Williams de son côté se consola avec le titre constructeur, trophée que l'équipe privilégiait si possible de toute façon. Il est vrai qu'en engageant l'ancien patron/pilote Hector Rebaque, Brabham ne visait clairement pas le doublé au championnat. Après, il faut rendre ses mérites au mexicain, qui se défendit avec les honneurs et aligna quelques places d'honneur tout à fait respectables.

Il était même en lice pour un podium en Argentine avant une cruelle panne mécanique, démontrant qu'il n'était pas un parvenu. Il reste qu'avec un score final de 50-11, il était somme toute logique que Rebaque laisse place à Riccardo Patrese, le seul pilote qui fit (parfois) de l'ombre à Nelson durant ses années Brabham.

Numéro 8 : Niki Lauda, 1985, McLaren
19,18% du total d'Alain Prost

Le duel Lauda/Prost de 1984 est entré dans l'histoire et pour cause. L'opposition du maître sur le retour cherchant un ultime sacre face à l'élève admirant son aîné mais prêt à le surpasser ne pouvait qu'offrir une lutte à la fois fascinante et intense. Une intensité qui se ressent jusque dans les statistiques.

Encore aujourd'hui, le plus faible écart de ce sport entre le champion et son dauphin est attribué à cette saison : un demi-point. Au moins, contrairement à l'échec cuisant de 1983 avec Renault, Prost prit suffisamment de plaisir dans la maison McLaren pour accepter cette nouvelle défaite.

1985 se chargea de corriger cette injustice flagrante pour enfin consacrer le Professeur au sommet de son sport. Le français scella le sort de cette saison deux courses avant la fin après avoir repoussé les assauts de... Michele Alboreto. Car Lauda avait atteint son apogée et brûlé toutes ses cartouches côté ressources, là où Prost disposait d'une certaine marge de progression. De plus la McLaren MP4/2B s'avéra peu fiable entre ses mains, avec seulement trois arrivées, le confortant dans sa décision de raccrocher les gants en fin d'année.

Au moins connut-il un dernier baroud d'honneur à Zandvoort face à Prost justement, empochant son vingt-cinquième et dernier succès. Mais on notera l'ironie qu'un duel connu pour sa marge la plus infime connut une suite avec son exact opposé : quatorze unités pour Lauda contre soixante-treize pour Prost.

Numéro 7 : Mike Spence, 1965, Lotus
18,52% du total de Jim Clark

Jim Clark est encore aujourd'hui considéré comme un des plus grands champions de l'histoire de la Formule 1. Sa pointe de vitesse prodigieuse, son style sans fioritures mais si efficace, sa collaboration idyllique avec Colin Chapman, le tout avec un bel esprit sportif en accord avec son temps...

Bref, il serait bien malavisé de remettre en question le statut de l'écossais.

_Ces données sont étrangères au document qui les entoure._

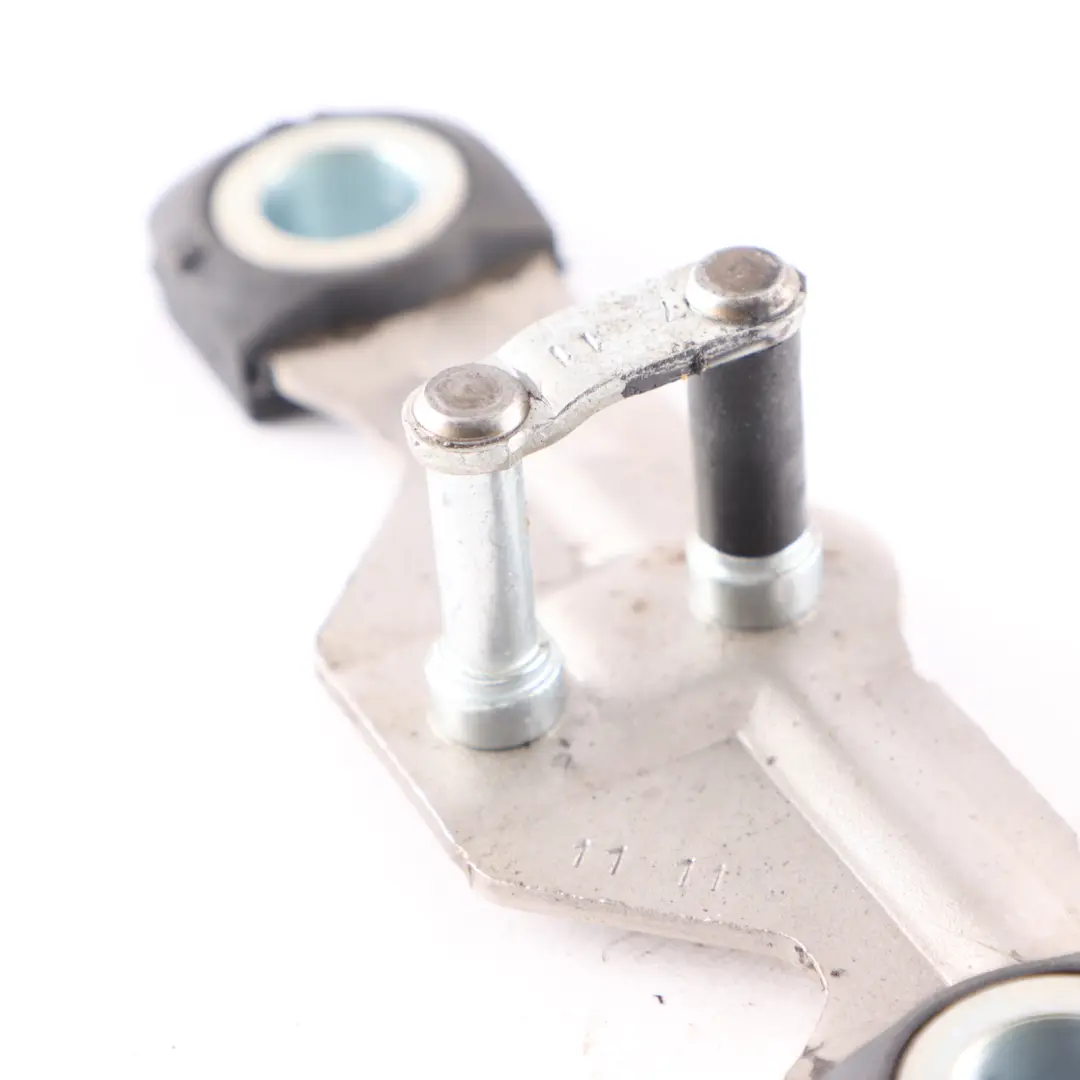 Stafa riscontro portellone bloccaggio coperchio bagagliaio per Audi A3 8P con numero di parte 8P4827507A Audi A3 8P Stafa riscontro portellone bloccaggio coperchio bagagliaio - SKU 8P4827507A - Numero di parte 8P4827507A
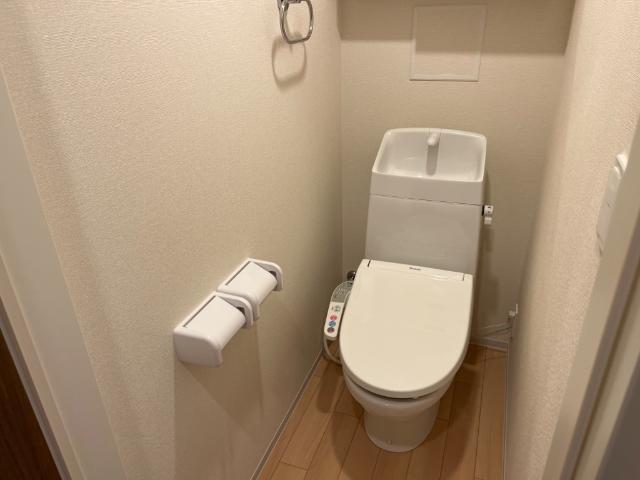 コントレイル糸引 トイレ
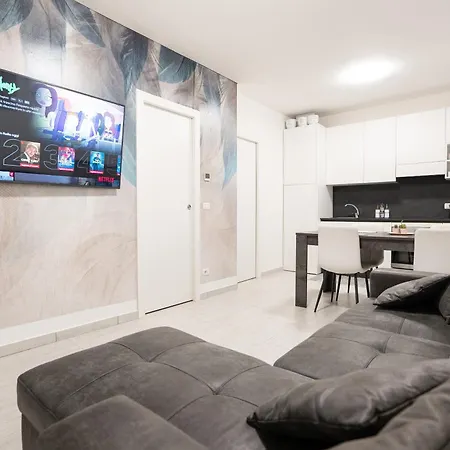 C-apartment Garda * 萨罗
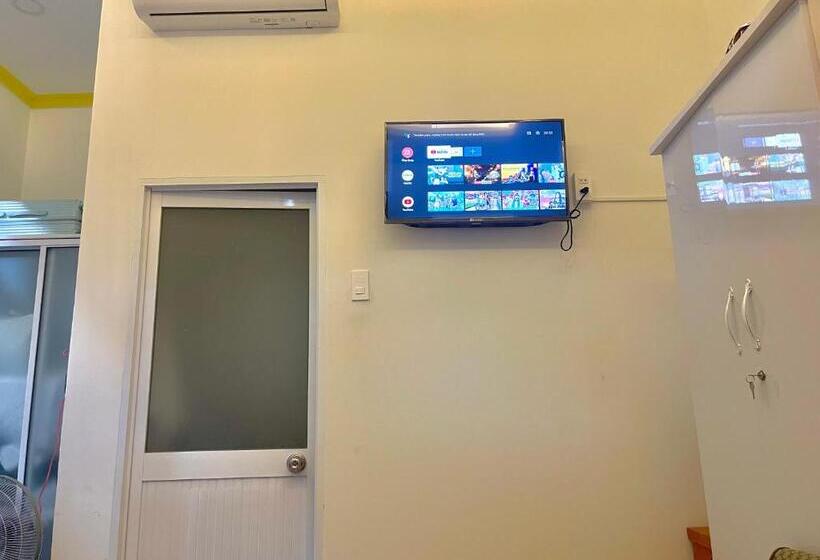 هاستل Nhà Nghỉ Hương Trà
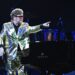 Desde unas botas hasta un piano: Elton John subastará sus objetos más preciados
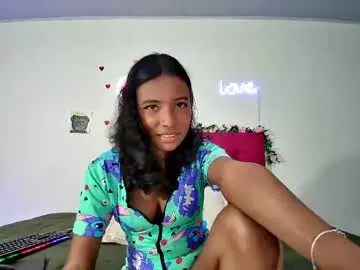 Ellie_cute7  live sex cam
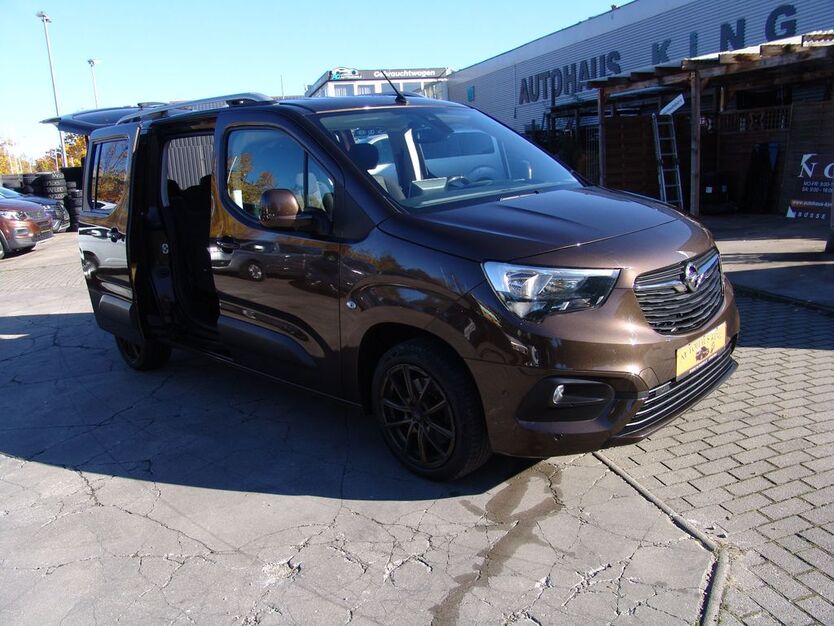Opel Combo 109.000 km 18.900 € Berlin 12681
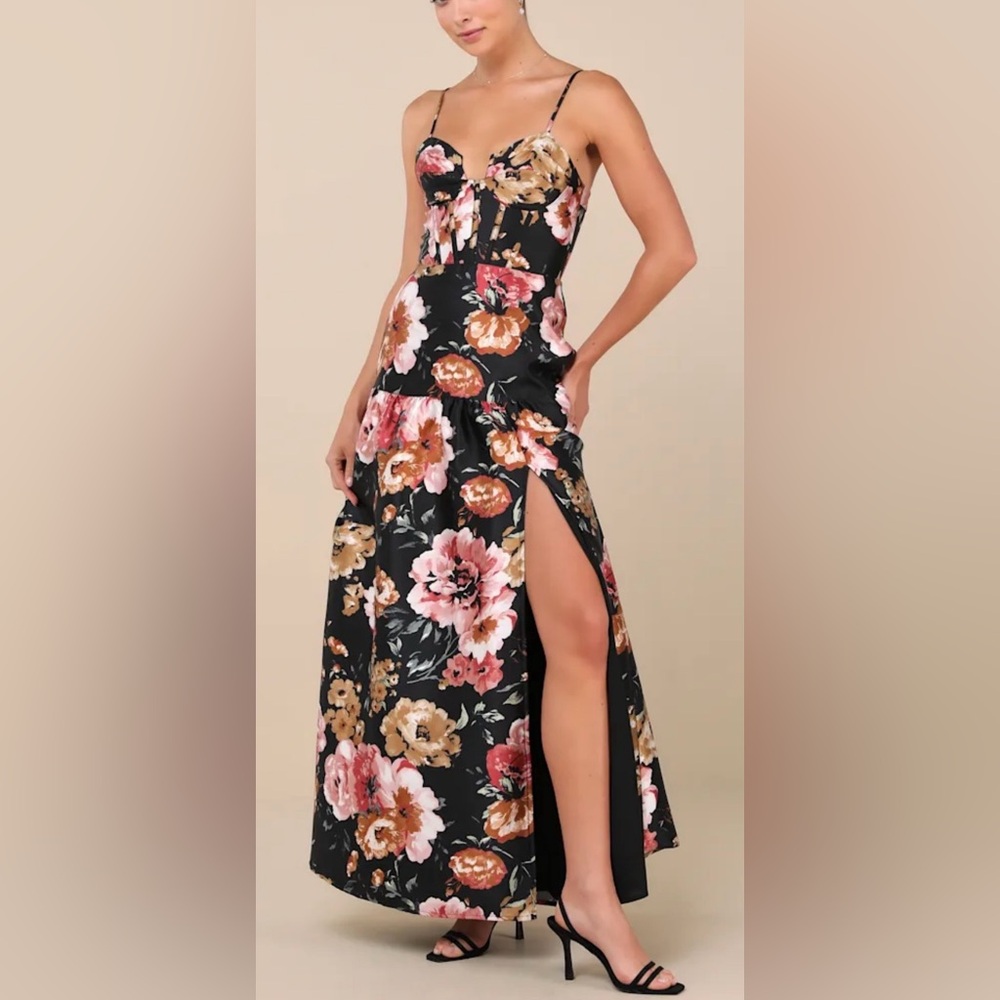 NWT Confident Delight Black Floral Tiered Bustier Maxi‎ Party Evening Dress XS.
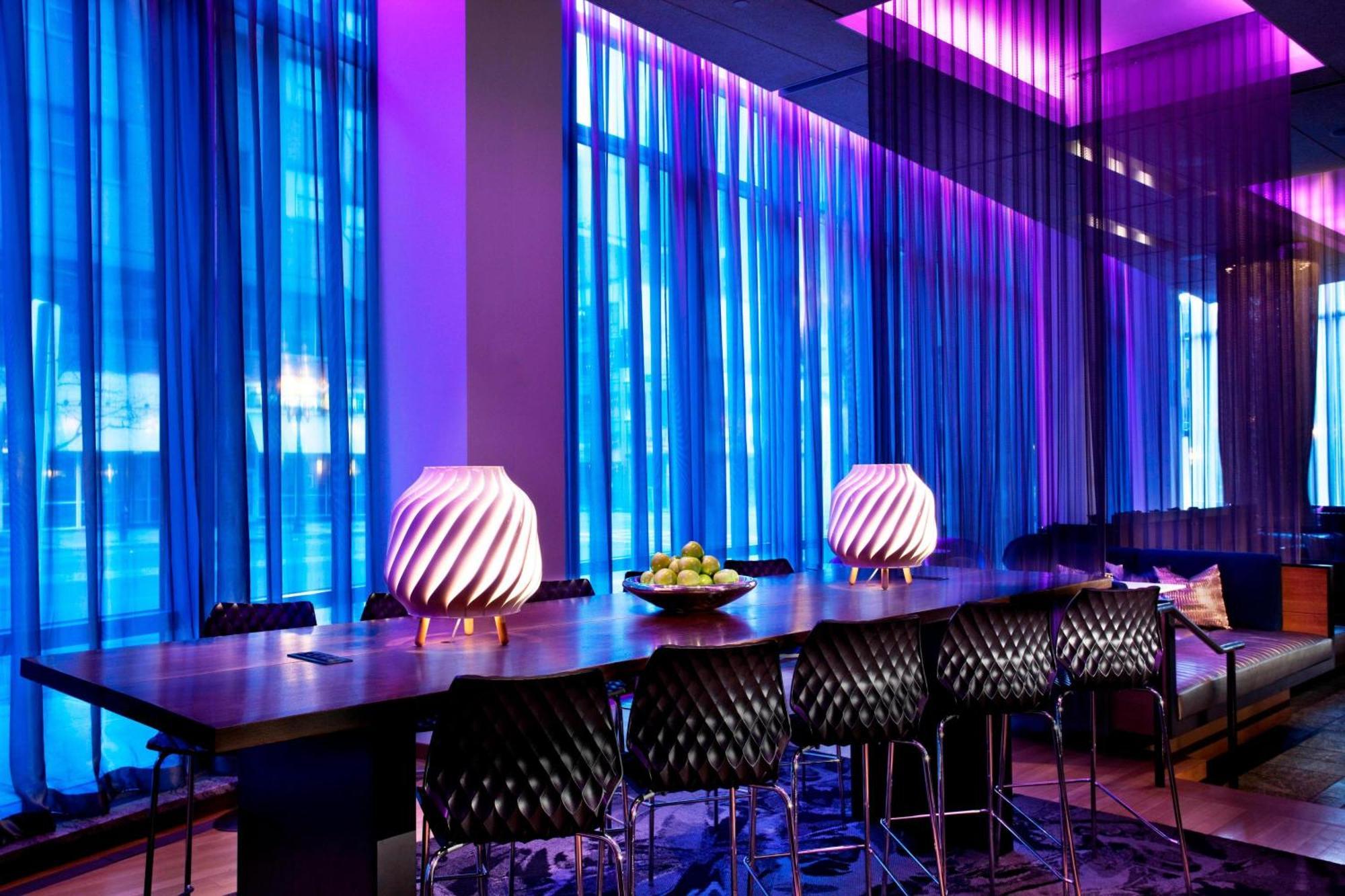 W Boston Hotel Bagian luar foto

Mais si Jim avait couru de nos jours, nul doute que des observateurs cyniques auraient crié à l'inégalité de traitement tant l'écart les séparant de ses équipiers était important !

En effet, Clark a épuisé ses voisins de garage avec la même régularité qu'un Max Verstappen chez Red Bull. Peter Arundell était bien parti pour sauver les honneurs en 1964 avec deux podiums dès ses débuts, mais un grave accident en F2 brisa à jamais son élan. Sa place libre fut comblée par Mike Spence, lui même qui avait remplacé Trevor Taylor blessé chez... Lotus. Régulier à défaut d'être brillant, Chapman le conserva pour 1965.

Sa meilleure place cette année-là fut une troisième place pour la clôture au Mexique. Clark avait lui abandonné mais s'était déjà assuré le titre et de quelle manière : six victoires lors des sept premières courses de la saison ! Seul lui manquait Monaco et pour cause : il n'était pas présent. Clark se préparait alors pour les 500 Miles d'Indianapolis... qu'il remporta par la même occasion. Difficile de mieux illustrer sa domination, encore que Spence, avec un total de dix points contre cinquante-quatre, ne fut pas le plus écrasé...

Numéro 6 : Derek Daly, 1982, Williams
18,18% du total de Keke Rosberg

Certes, la comparaison est ici un poil faussée car Daly ne rejoignit Williams qu'après quatre épreuves, suite à la défection surprise de Carlos Reutemann et à l'intérim insolite de Mario Andretti. Mais si Rosberg bénéficie aujourd'hui d'un certain respect de la part des observateurs, le père de Nico était encore un parvenu pour beaucoup lorsque Williams l'engagea en 1982. Même Keke avait conscience que Frank et Patrick Head l'avaient choisi faute de mieux, après que le duo ait espéré en vain que Alan Jones diffère sa retraite.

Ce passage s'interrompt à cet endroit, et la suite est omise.